AI-battling humans power “The Creator,” a satisfying sci-fi flick

Complex issues at core of action-packed future world

The Creator
Where: In theatres
What: Movie, 133 mins.
When: Now
Genre: Science-fiction
Rating: NNNN (out of 5)
Why you should watch: Timely look at AI-powered future world with hints of Blade Runner and stuff that “blows up real good.”


MY FIRST THOUGHTS watching The Creator, which proves to be an excellent new sci-fi film from Rouge One: A Star Wars Story director Gareth Edwards, (who also co-wrote the film), is that Hollywood has found a new “woke-proof” supply of villains: AI creatures.

Now that much-needed global awakening has made it harder to demonize racialized folk to supply reliable groups of stereotypical bad guys, who to “hate”? The makers of The Creator appear to have found a new supply of bad guys with bad deeds attributed to renegade AI robots (called Simulants or Sims) early in the film, which seems to announce we’re in for a few hours of robot ass-kicking at the hands of good-guy humans.

But things slowly prove more complex and we’re forced to look at The Creator’s AI creatures as a little less artificial and a lot more human. For the truly paranoid among us, some might fear the film’s “soft on Sims” approach might be the result of an AI-generated script.

Set in 2070, we see a world on edge with renegade Sims being blamed for nuking L.A., leaving half the city in (gorgeously filmed) post-apocalyptic rubble. The United States, powered by blustery generals — who look like they’re straight out of a Vietnam War movie — want revenge and have created a Death Star-like sub-orbital killing machine to hunt down the robots. Meanwhile, the nation of New Asia is peacefully coexisting with the robots, producing a safe haven that has been thwarting American efforts to eliminate the AI beings.

Hardened American special services operative Joshua (John David Washington) has been sent to infiltrate the AI world of New Asia, and when his pregnant wife disappears in a botched U.S. raid on his hideout, he becomes disillusioned and refuses to help any further AI-fighting efforts.
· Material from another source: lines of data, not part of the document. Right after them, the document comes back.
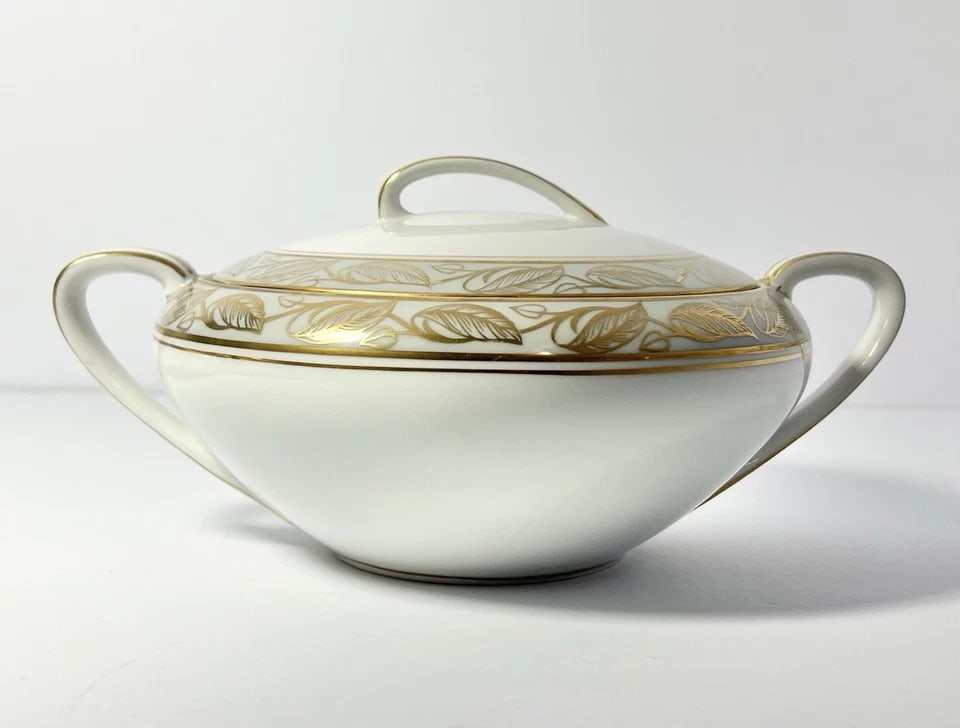 1950s Noritake "Greta" Bone China Serving Hostess Dinnerware Set - 6-Piece - 12
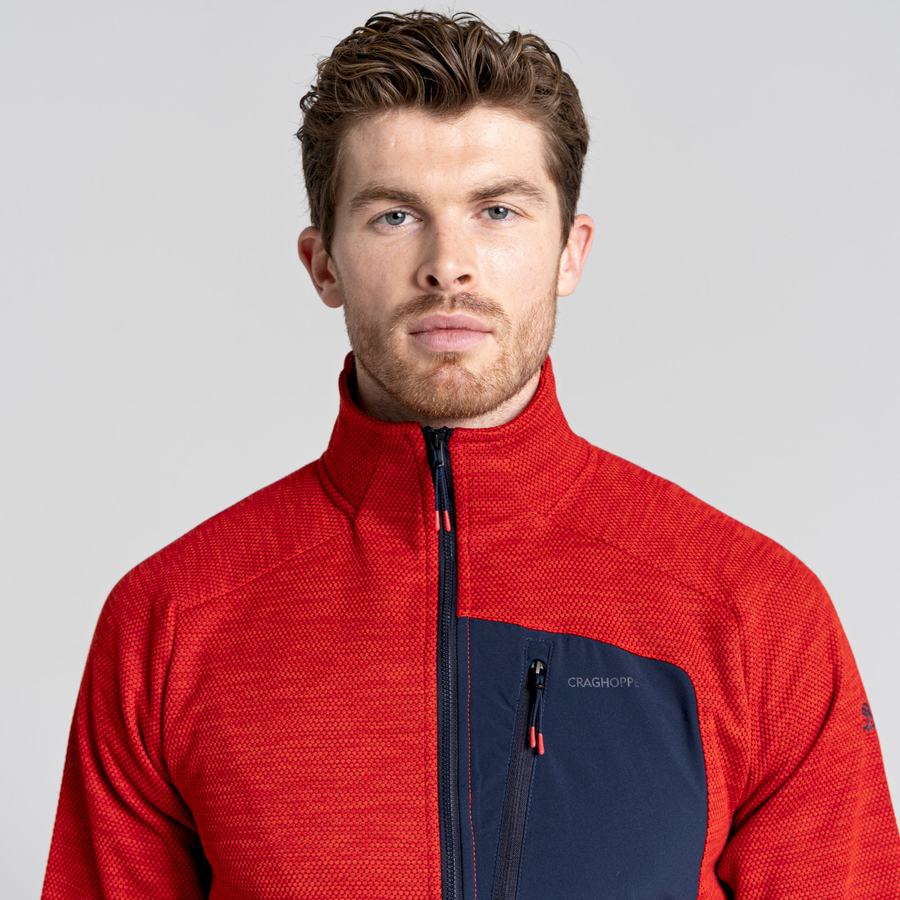 Jerséis Craghoppers Tarbert Half Zip Hombre Rojos | DIE8446GA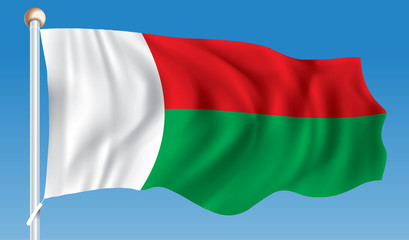 Flag of Madagascar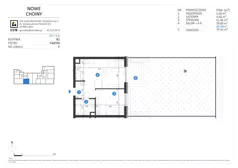 2 pokoje, mieszkanie 40,69 m², piętro 4, oferta nr 23, Choiny 3 Budynek B2, Lublin, Czechów Północny, ul. Choiny 3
But of course, we know he will eventually join the fight. This and other familiar tropes that surface in The Creator are just comfortably reliable elements that help propel the story rather than annoying cliches.

Washington proves a believable and compelling leading man and looks like he’ll be following his famous father Denzel on to Hollywood’s A-list.

Convinced (or tricked?) into believing his wife might still be alive, Joshua finally agrees to join the U.S. efforts and covertly slips into New Asia to find “The Creator,” an AI mastermind said to be in possession of a doomsday device that could be the end of humans.

Without giving away too many plot details, Joshua eventually discovers a Sims child holds the secrets to The Creator and the film morphs from a Blade Runner update into a hero-saves-a-child story, a la The Mandalorian or The Last of Us, without Pedro Pascal saving the kid.

As New Asia begins to look more and more like bombed hellscape that was Vietnam after the war, and the U.S. response to the Sims plus the many civilian deaths it unleashes seems increasingly heavy-handed, the critiques of American foreign policy become at least implicit in the tale.

That said, The Creator works as compelling entertainment, it’s Blade Runner-esque tattered future world gorgeously, disturbingly depicted.

And to quote my favourite-ever Canadian film critic, John Harkness (who wrote for me for decades at NOW) as he would quote his “favourite” Canadian film critics SCTV’s Billy Sol Hurok (John Candy) and Big Jim McBob (Joe Flaherty) whose highest praise for a film was that stuff “blowed up real good” — stuff blows up “real good” in The Creator.

The violence doesn’t seem as endless or as pointless as in the many MCU films, though I wouldn’t be surprised if The Creator yielded its creators their own AI-fighting film franchise.